De tout ceci, de ce qu’ils ont vus et de ce qu’ils ont ressentis, témoigne l’exposition LES FORGES. Il ne pouvait s’agir ni d’un simple état des lieux, ni d’une fiction prenant prétexte d’un décor inouï. Pour les deux frères, très vite, ce qu’il convenait de faire ne pouvait que se nouer autour des questions de l’habitabilité du monde et de la recherche continuelle, par l’homme, d’un passage brisant la force des apparences pour rétablir les continuités.
Cela méritait sûrement ce long travail, cette résidence au DomaineM de près d’une année.
 
Ce monde perdu qui est le nôtre, malgré tout
Les grandes peintures de Jean-Philippe Brunaud, ruisselantes de couleurs, s’ouvrent devant nous comme la promesse d’un monde perdu où nous pourrions sans doute retourner.

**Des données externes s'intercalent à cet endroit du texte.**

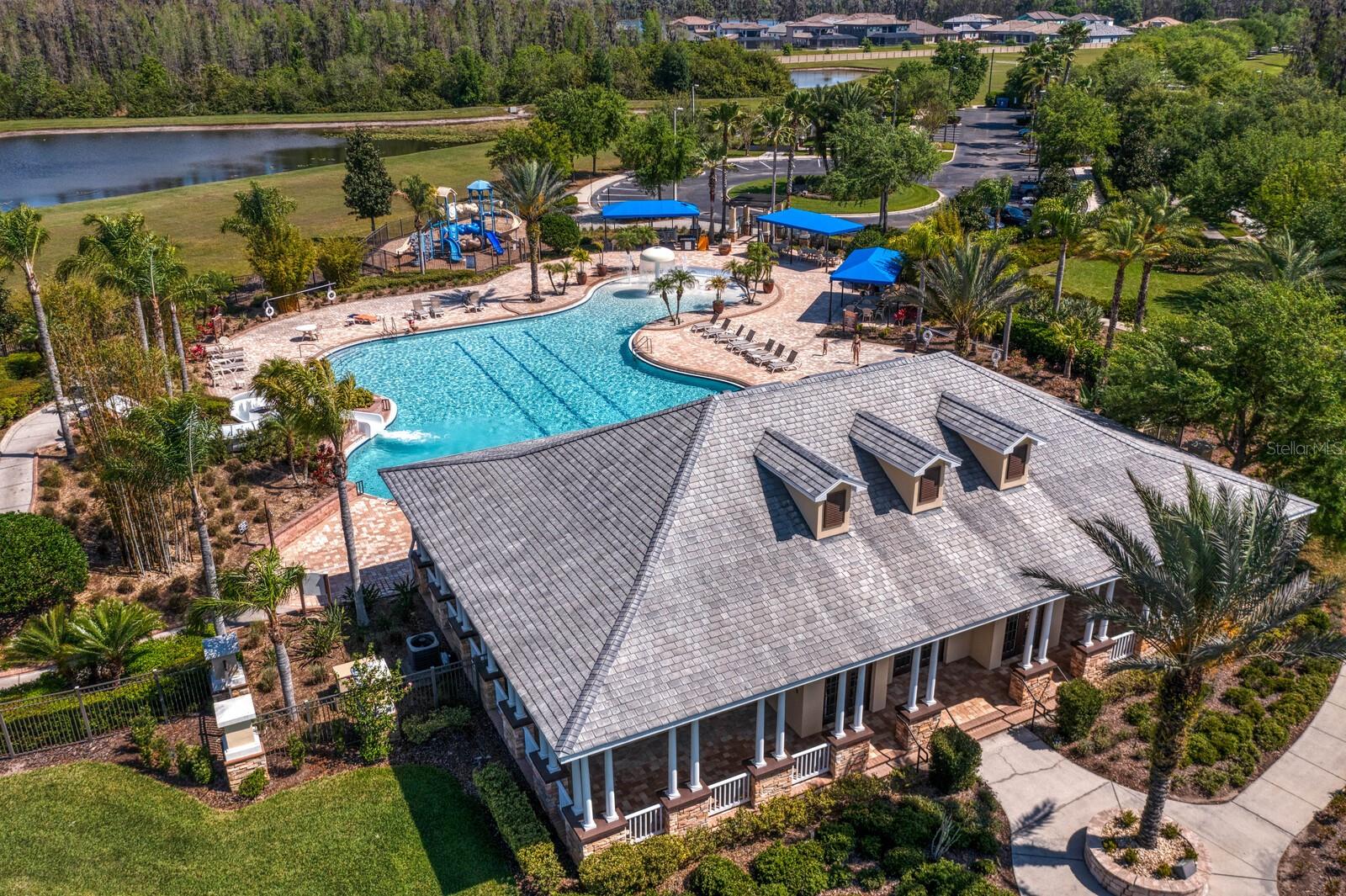 More views of the Amenity Center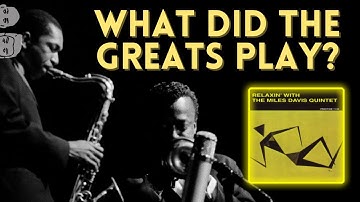 How to Play the Bridge of Rhythm Changes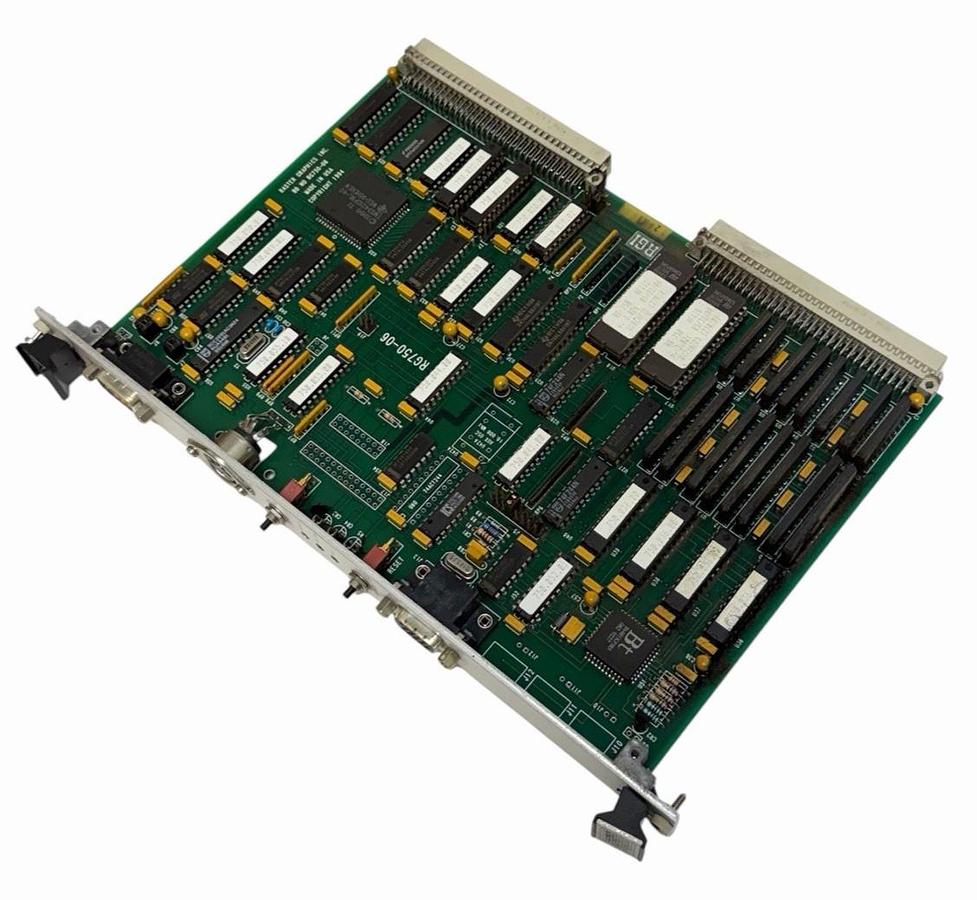 Used RASTER GRAPHICS INC. RG-750-06 GRAPHICS BOARD RG75006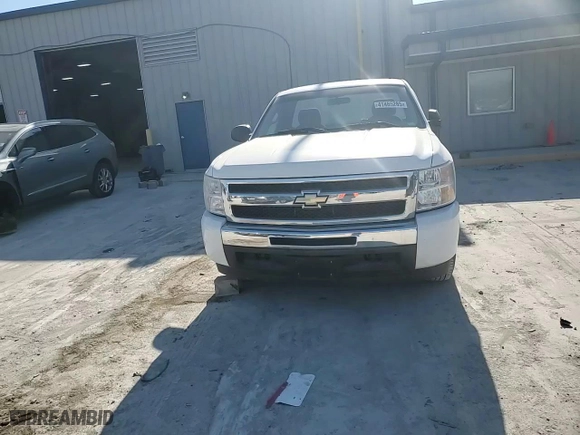 2011 Chevrolet Silverado 1500 Work Truck with VIN 1GCNCPE00BZ461129, listed as a Copart auction lot 48914605 with 64,213 mi miles and Salvage Title. Bid and sale history available at carsss.com. Image 11.
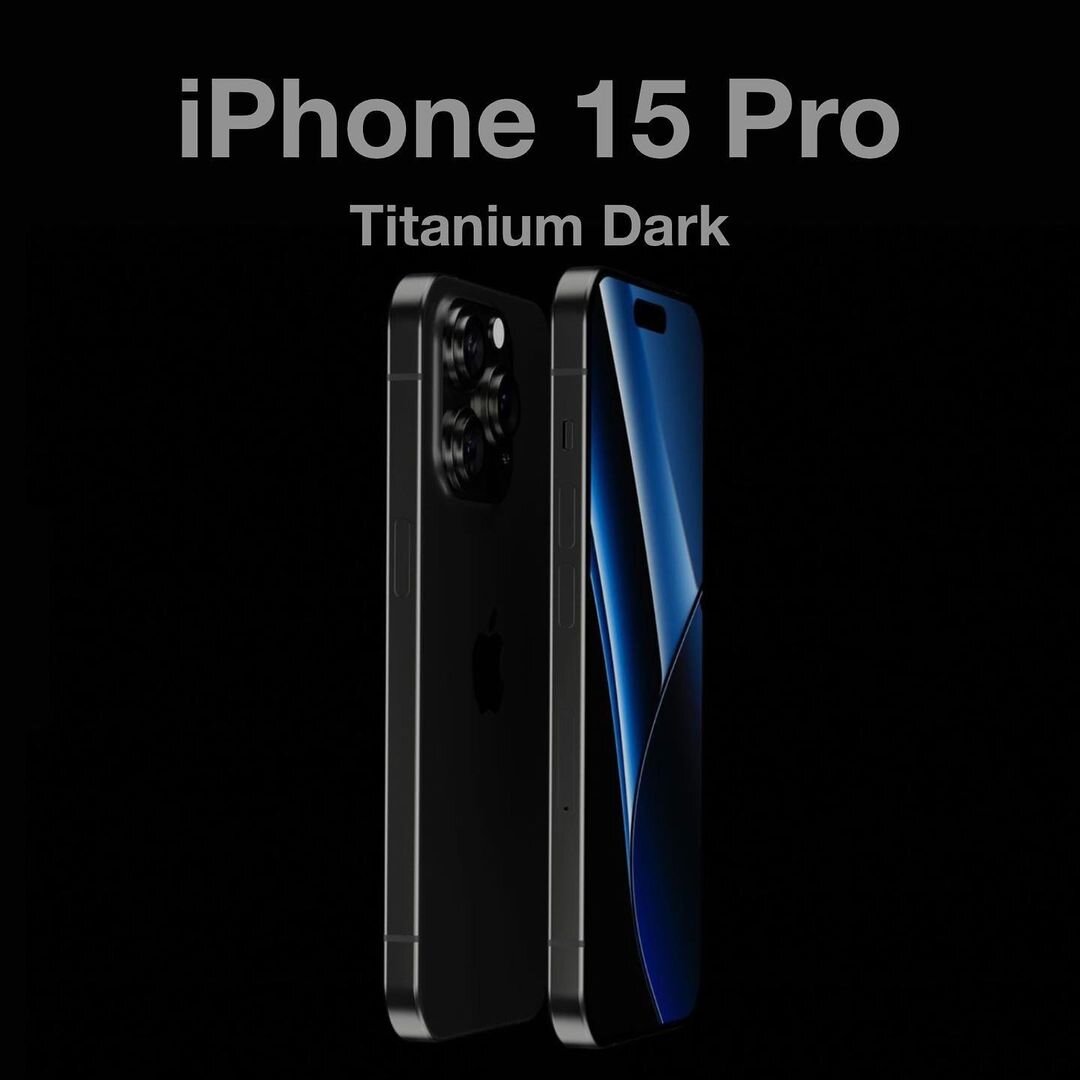 Iphone 15 pro 256gb black titanium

Un monde qui est le nôtre, malgré tout, et qui demeure le seul en notre possession. Nous voici devant lui, comme ce personnage de dos que l’artiste dresse à l’avant-scène du tableau, tandis que dans la profondeur des fourrés, tapi dans l’ombre épaisse des végétations, un autre homme, sombre, se tient immobile. Il est presque invisible. Il désigne le point de renversement où s’établit le contact fulgurant du temps aboli et du temps à venir.

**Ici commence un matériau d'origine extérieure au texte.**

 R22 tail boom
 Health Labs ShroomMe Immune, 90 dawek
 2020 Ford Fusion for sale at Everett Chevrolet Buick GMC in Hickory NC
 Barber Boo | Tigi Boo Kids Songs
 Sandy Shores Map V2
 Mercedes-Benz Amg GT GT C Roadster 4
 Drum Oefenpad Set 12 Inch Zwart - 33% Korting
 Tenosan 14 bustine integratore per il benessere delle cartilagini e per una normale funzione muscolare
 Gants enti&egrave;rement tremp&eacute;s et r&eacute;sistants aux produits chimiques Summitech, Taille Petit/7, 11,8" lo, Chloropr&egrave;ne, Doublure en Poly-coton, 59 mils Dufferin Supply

Bien sûr, la peinture le révèle avec luxuriance, il nous faut marcher dans ces espaces profonds, traverser les écrans et rétablir les passages. Dans son écoulement de matières colorées où frontalité et profondeur se heurtent à bruits sourds avant de fusionner dans le magma liquide et les plantes en flammèches, la peinture de Jean-Philippe Brunaud mise sur l’inéluctable traversée. Puisque ce monde est là, c’est le monde, le meilleur des mondes possibles, et nous voulons, à toute force, l’habiter.

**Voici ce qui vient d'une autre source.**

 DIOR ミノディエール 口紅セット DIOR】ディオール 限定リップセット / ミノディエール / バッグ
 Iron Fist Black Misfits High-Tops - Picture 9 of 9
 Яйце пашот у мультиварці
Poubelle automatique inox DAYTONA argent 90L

Les photographies de Pierre-Yves Brunaud renouvellent l’espérance d’un temps au travail où l’homme parviendrait à s’extirper lui-même des pesanteurs de la nécessité pour rétablir la fluidité du vivant c’est-à-dire le temps de la vie. Les choses rongées, rouillées, contaminées se superposent aux arbres, à l’eau de l’étang, aux formes disparates des objets dispersés de ci de là, comme pour indiquer leur secrète correspondance. L’adéquation généralisée des formes et des matières, des éléments et des objets offre l’image déroutante et fascinante d’un monde totalement déployé vers nous. Un monde littéralement offert à notre confiance, alors même qu’il est traversé de puits d’ombre, de segmentations et de découpes violentes, de scories et de déchets.
 
Le temps retrouvé
Regardez ! Vous le voyez bien : l’art ressuscite la beauté perdue et reconstruit, contre le temps et à travers lui, les scènes luxuriantes d’un monde présent dans notre mémoire et notre corps. Nous sommes là, étonnés, et déjà emportés dans la pulsation vitaliste des choses. L’œuvre des deux artistes renouvelle notre confiance en un destin à la fois personnel et collectif : puisque tout change et se transforme, puisque le monde périt à chaque instant, cela veut dire également qu’il maintient sa note continue et que la force de renouveau habite les corps et les esprits des humains.
Alors oui, la rencontre et le dialogue des deux œuvres, celle du peintre du photographe, devaient à l’évidence s’accomplir. Voici des échos et comme une orchestration à quatre mains. Voici l’œuvre en gémellité des frères Brunaud, avec ses points d’impacts, ses silences rétractés et ses ressacs. Nous savons quelle souffrance aura représenté la fermeture du site des anciennes Forges de Tronçais pour bien des hommes et des femmes de cette région. L’œuvre à quatre mains des frères Brunaud dénoue le chaos de l’histoire et libère à nouveau notre désir de vivre.
 
Alors oui ! Les Forges de Tronçais demeurent battantes dans le temps, celui que nous avons perdu et celui que nous pouvons retrouver.